> **Crawled caption data**:
___
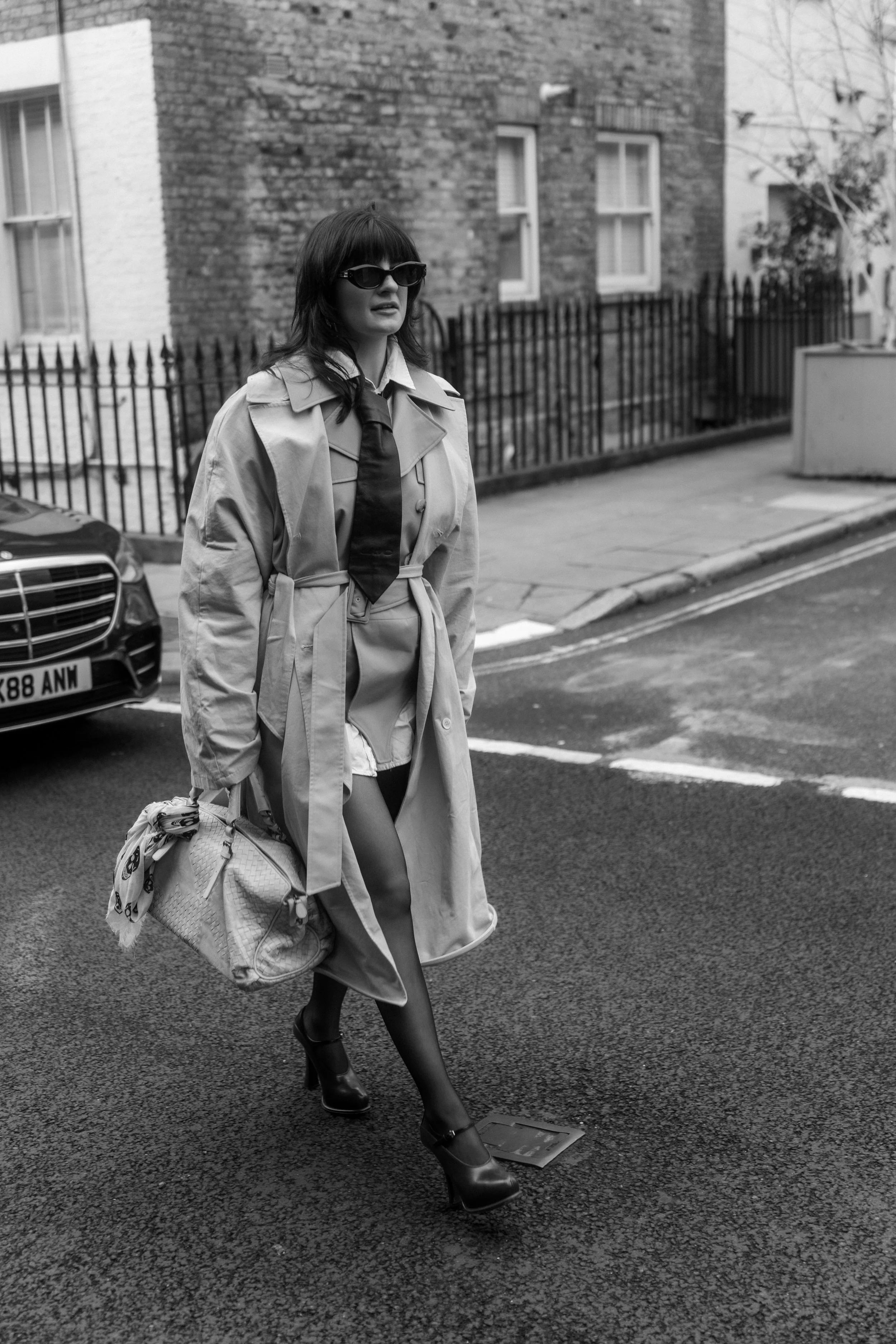 Black and white photo of a woman walking on a city street, wearing sunglasses, a trench coat, high heels, and carrying a handbag.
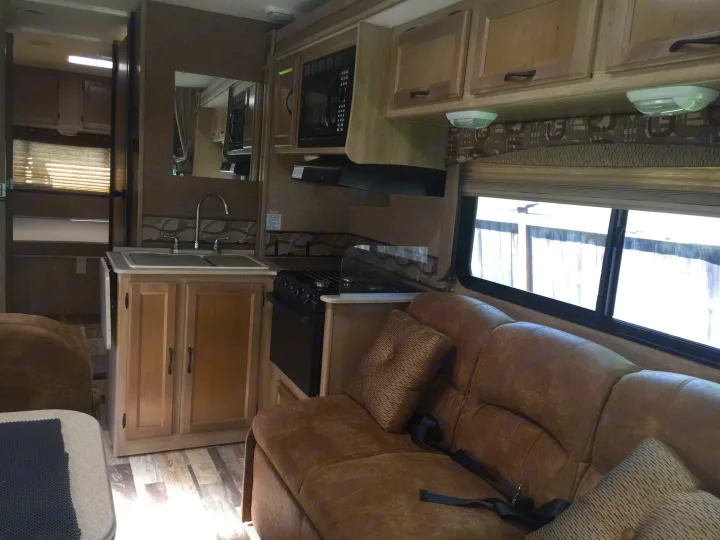 This RV rental features a full kitchen with sink, microwave, stove, and comfortable brown sofa seating area.. Coachmen Freelander 2014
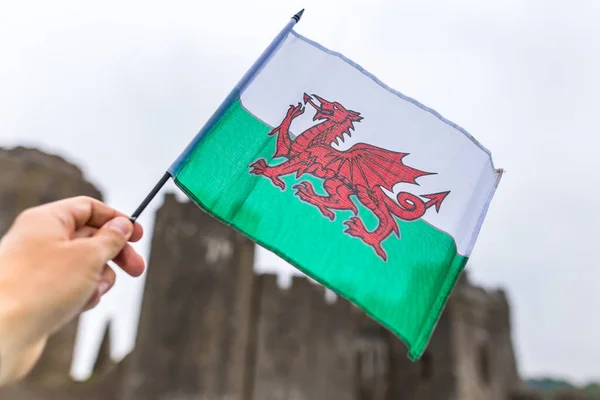 Waiving Welsh flag with red dragon in Pemborke castle, Wales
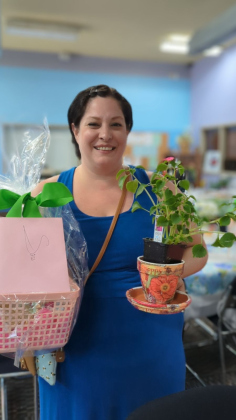 Sara MacDonald holding a decoupage flower pot made at Moms Rising Circle.
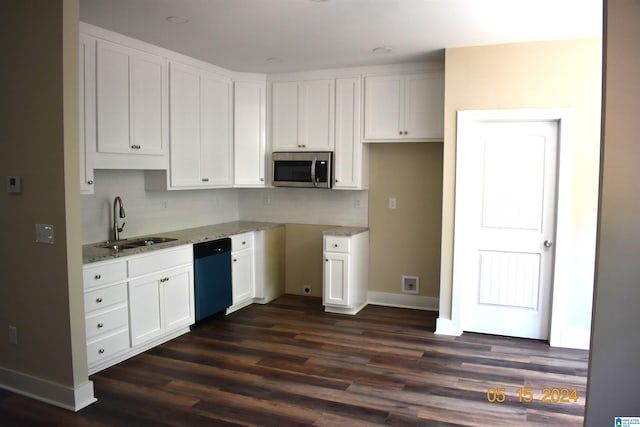 kitchen with white cabinetry, light stone countertops, dark wood-type flooring, sink, and black dishwasher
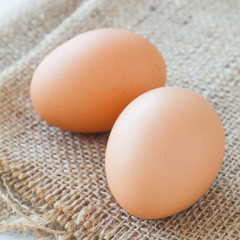 Healthy food brown chicken egg on brown fabric background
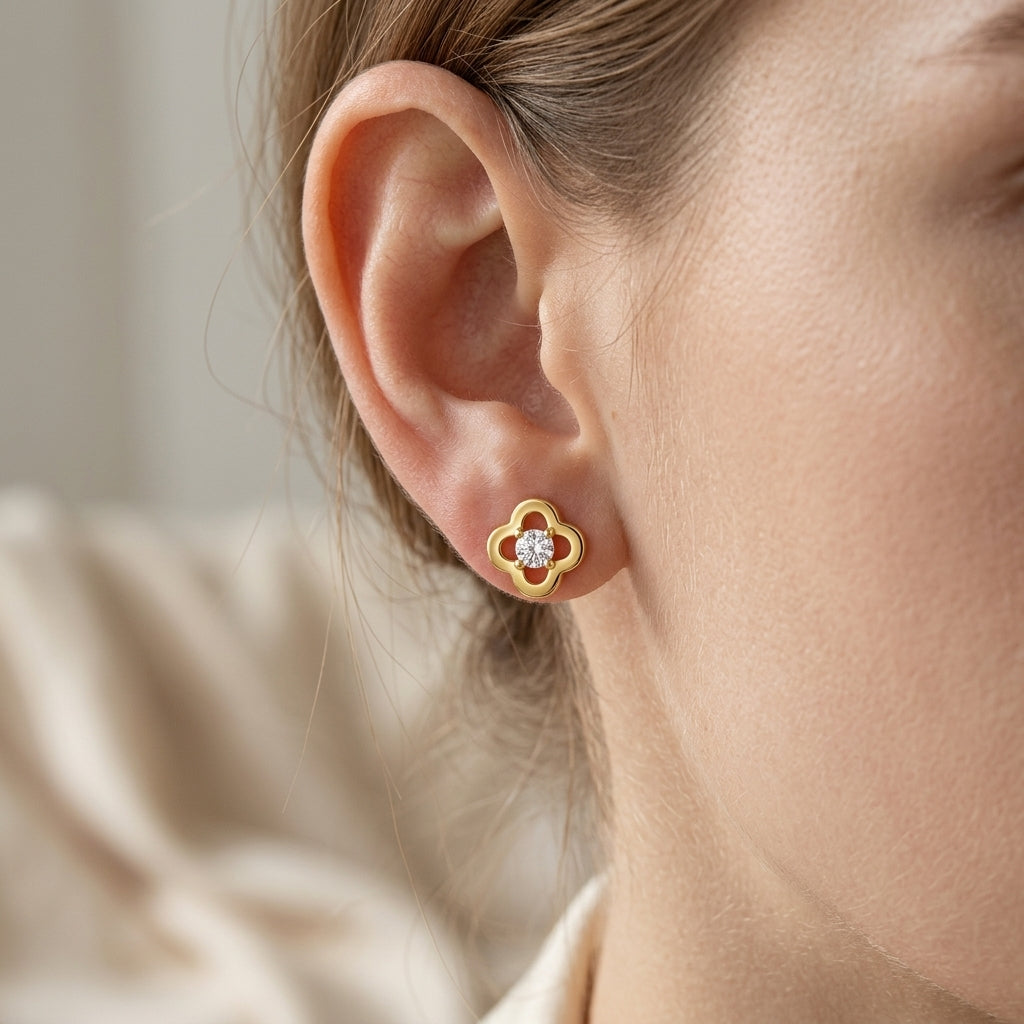 Close-up view of a model wearing gold openwork four-leaf clover moissanite stud earrings.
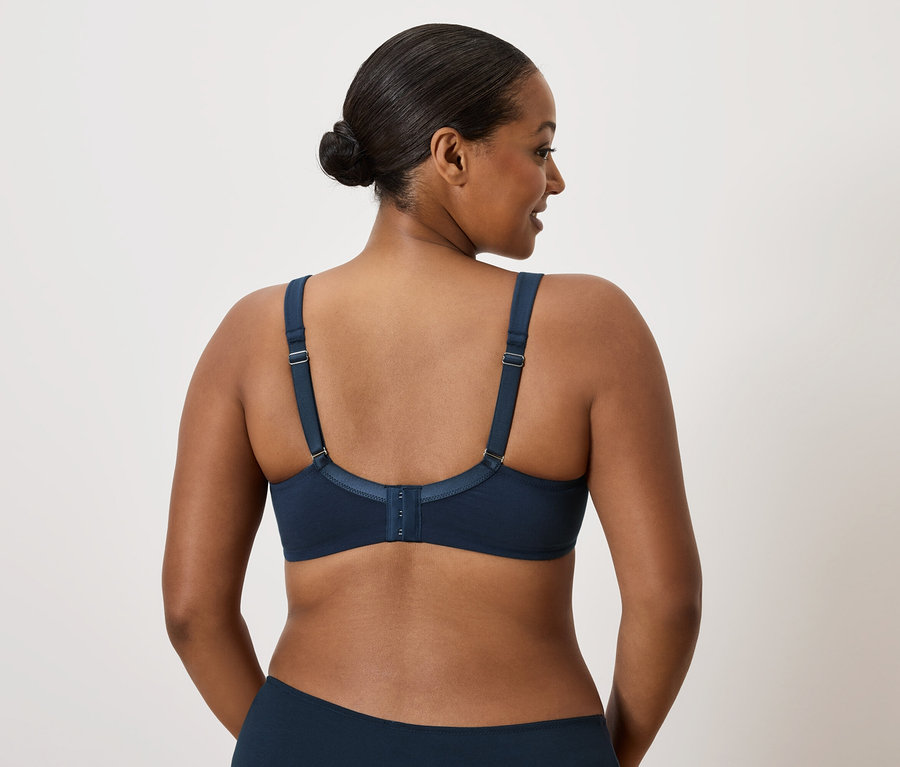 Femme aux cheveux foncés portant un soutien-gorge bleu foncé.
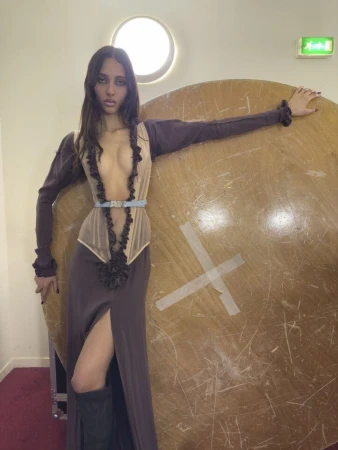 Model leaning against a large wooden disc wearing a plunging dress with ruffles and dark boots for Vivienne Westwood.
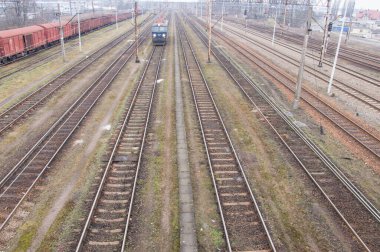 Bulutlu bir sonbahar gününde elektrikli lokomotifler, vagonlar, demiryolu altyapısı.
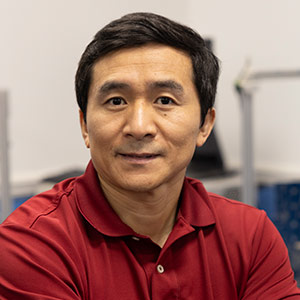 Head shot of Guoan Wang in his engineering lab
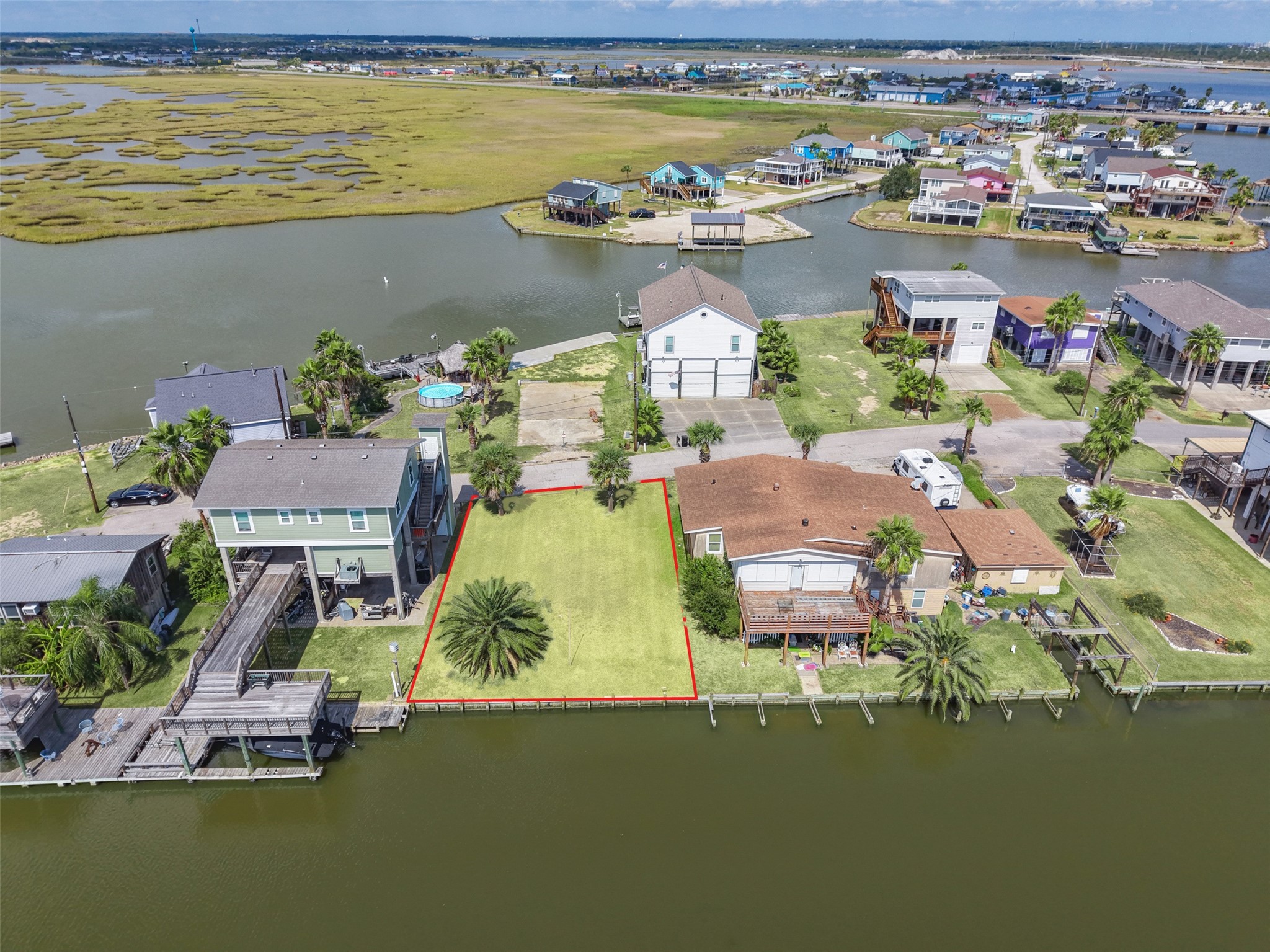 From out over the canal looking back at the lot. Wood bulkhead across the back, a home on each side, and the water right at the back door of your future vacation home!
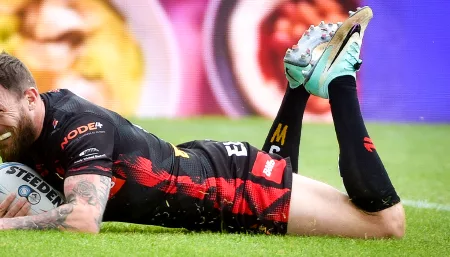 A rugby player, a man, is lying on the ground with his hands resting on his knees, showing signs of exhaustion.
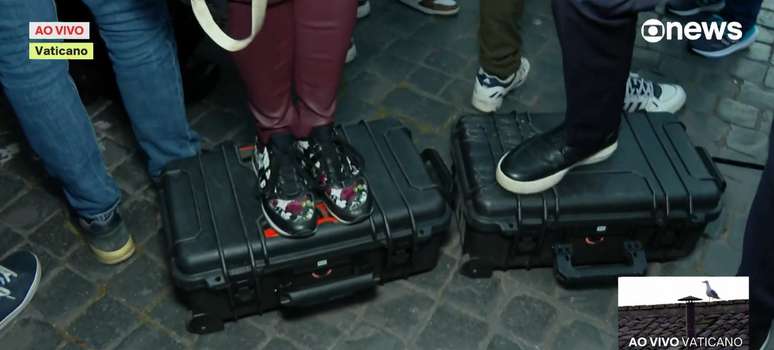 Bianca Rothier e Nilson Klava usam as maletas das câmeras e microfones para ganhar altura no meio da multidão no Vaticano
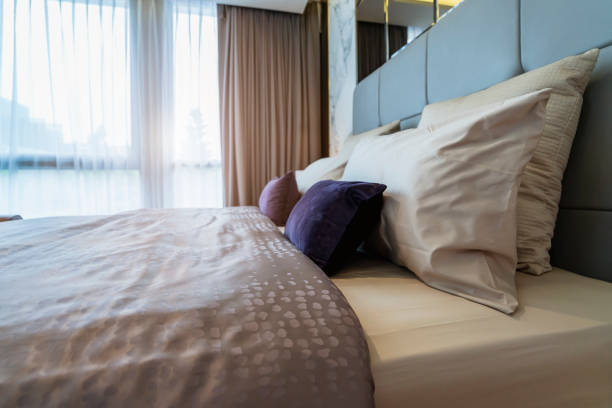 Ropa de cama con almohadas blancas limpias y sábanas en el dormitorio de belleza. De cerca. Fondo interior - foto de stock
___
> **WHAT TO WORK ON**: Copy word for word each line of the data above, from the first through the one containing "Waiving Welsh flag", and include no pictures.

> **TASK SOLUTION**:
 Black and white photo of a woman walking on a city street, wearing sunglasses, a trench coat, high heels, and carrying a handbag.
 This RV rental features a full kitchen with sink, microwave, stove, and comfortable brown sofa seating area.. Coachmen Freelander 2014
 Waiving Welsh flag with red dragon in Pemborke castle, Wales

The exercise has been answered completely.